== Segment start ==

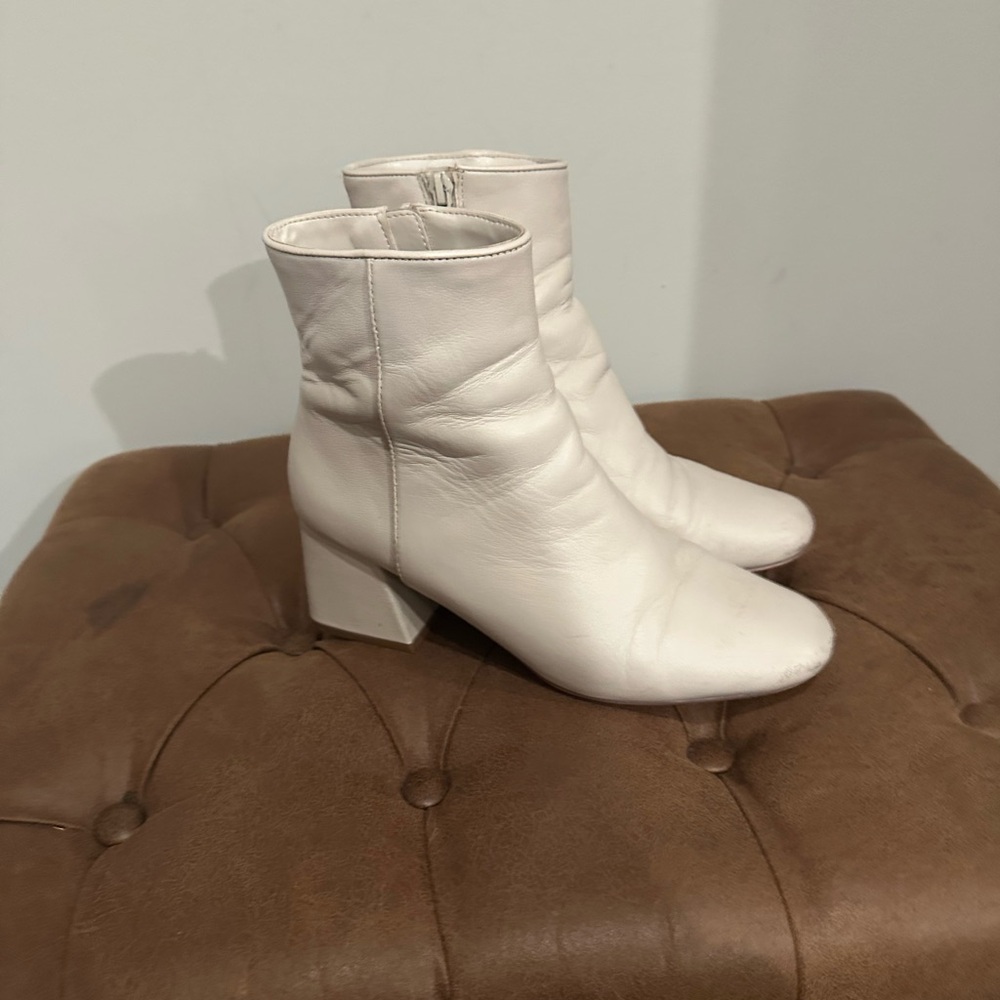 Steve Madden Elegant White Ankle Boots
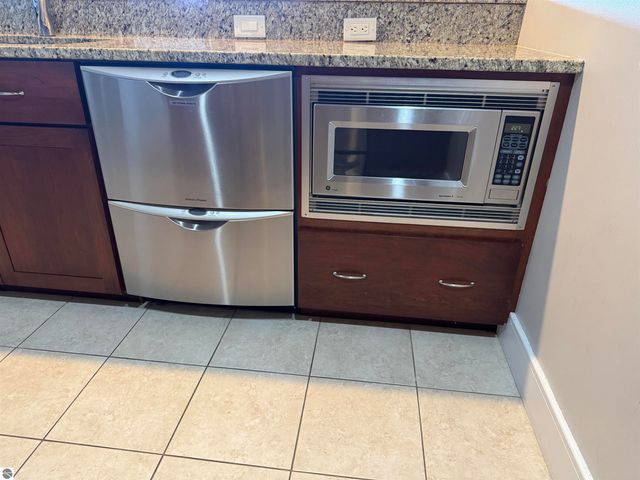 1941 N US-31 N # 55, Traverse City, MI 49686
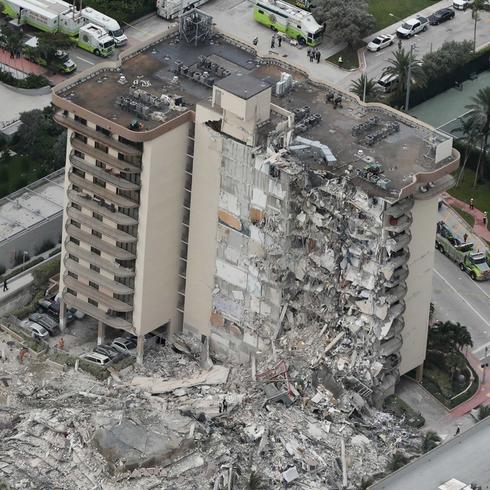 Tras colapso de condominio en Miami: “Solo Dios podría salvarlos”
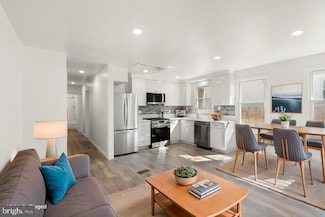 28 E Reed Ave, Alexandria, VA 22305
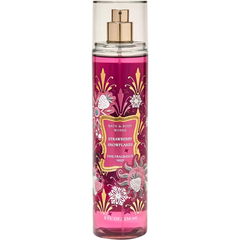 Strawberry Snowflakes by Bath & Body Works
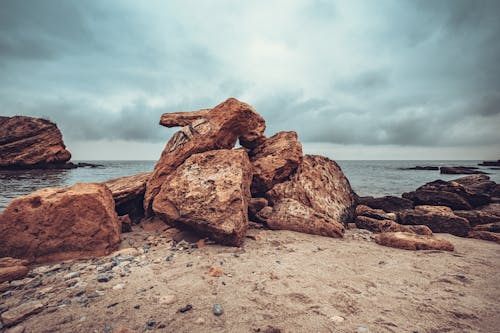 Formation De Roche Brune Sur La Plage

== Segment end ==

Please return exactly, and only, the lines from the one containing "28 E Reed Ave, Alexandria, VA 22305" through the end of the records, with both end lines kept and every picture dropped.

 28 E Reed Ave, Alexandria, VA 22305
 Strawberry Snowflakes by Bath & Body Works
 Formation De Roche Brune Sur La Plage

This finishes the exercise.